*** Material to process ***
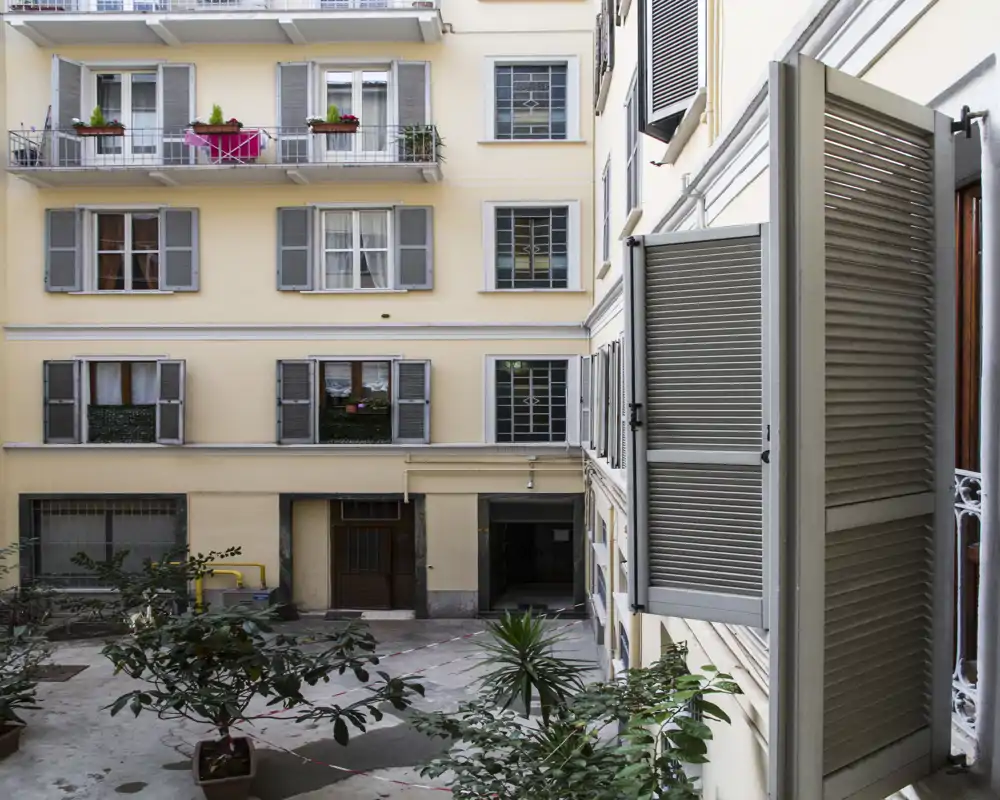 Vue sur une cour intérieure prise depuis un balcon, avec des plantes en pot et les fenêtres des appartements alentour.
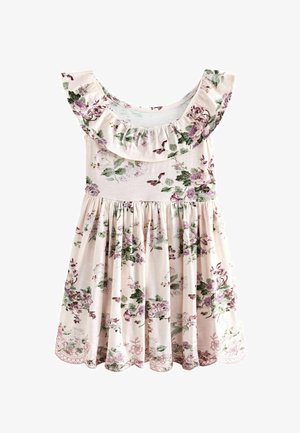 Junges Mädchen steht da, trägt ein hellrosa Blumenkleid mit Rüschenärmeln und weiße Sandalen, vor einem einfarbigen beigen Hintergrund.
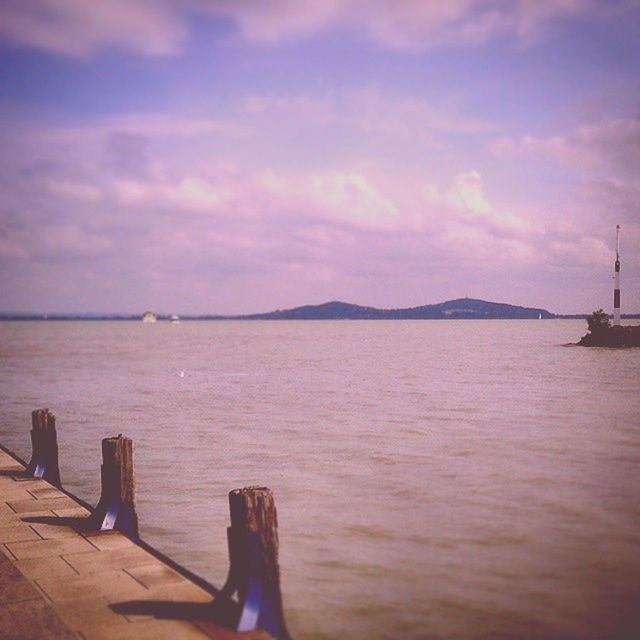 water, sky, sea, tranquil scene, tranquility, pier, cloud - sky, scenics, beauty in nature, rippled, nature, one person, cloud, nautical vessel, lake, idyllic, outdoors, wood - material, boat, jetty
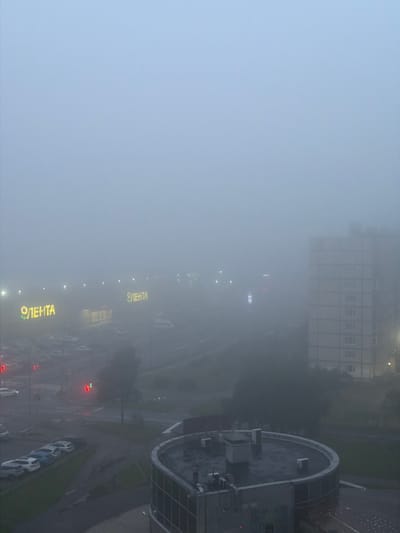 The image depicts a foggy urban landscape, likely in Telmana, Russia. The fog significantly reduces visibility, obscuring distant buildings and details. In the foreground, a circular, modern building with a dark, wet rooftop is visible, featuring visible air conditioning units and other rooftop fixtures. Adjacent to this, a multi-story residential building, appearing to be a Soviet-era panel building, stands to the right.
Further into the scene, through the dense fog, illuminated signs for "ЛЕНТА" (Lenta) are discernible, indicating a commercial area, possibly a shopping center or supermarket. Streetlights and traffic lights are also visible, with one traffic light showing red and green signals. Several cars are parked in a lot and on a street, partially obscured by the fog. The overall atmosphere is dim and overcast, characteristic of a foggy or heavily overcast day. No people are clearly identifiable in the image.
***
Output all of the records word for word, and keep the pictures out of the copy.

 Vue sur une cour intérieure prise depuis un balcon, avec des plantes en pot et les fenêtres des appartements alentour.
 Junges Mädchen steht da, trägt ein hellrosa Blumenkleid mit Rüschenärmeln und weiße Sandalen, vor einem einfarbigen beigen Hintergrund.
 water, sky, sea, tranquil scene, tranquility, pier, cloud - sky, scenics, beauty in nature, rippled, nature, one person, cloud, nautical vessel, lake, idyllic, outdoors, wood - material, boat, jetty
 The image depicts a foggy urban landscape, likely in Telmana, Russia. The fog significantly reduces visibility, obscuring distant buildings and details. In the foreground, a circular, modern building with a dark, wet rooftop is visible, featuring visible air conditioning units and other rooftop fixtures. Adjacent to this, a multi-story residential building, appearing to be a Soviet-era panel building, stands to the right.
Further into the scene, through the dense fog, illuminated signs for "ЛЕНТА" (Lenta) are discernible, indicating a commercial area, possibly a shopping center or supermarket. Streetlights and traffic lights are also visible, with one traffic light showing red and green signals. Several cars are parked in a lot and on a street, partially obscured by the fog. The overall atmosphere is dim and overcast, characteristic of a foggy or heavily overcast day. No people are clearly identifiable in the image.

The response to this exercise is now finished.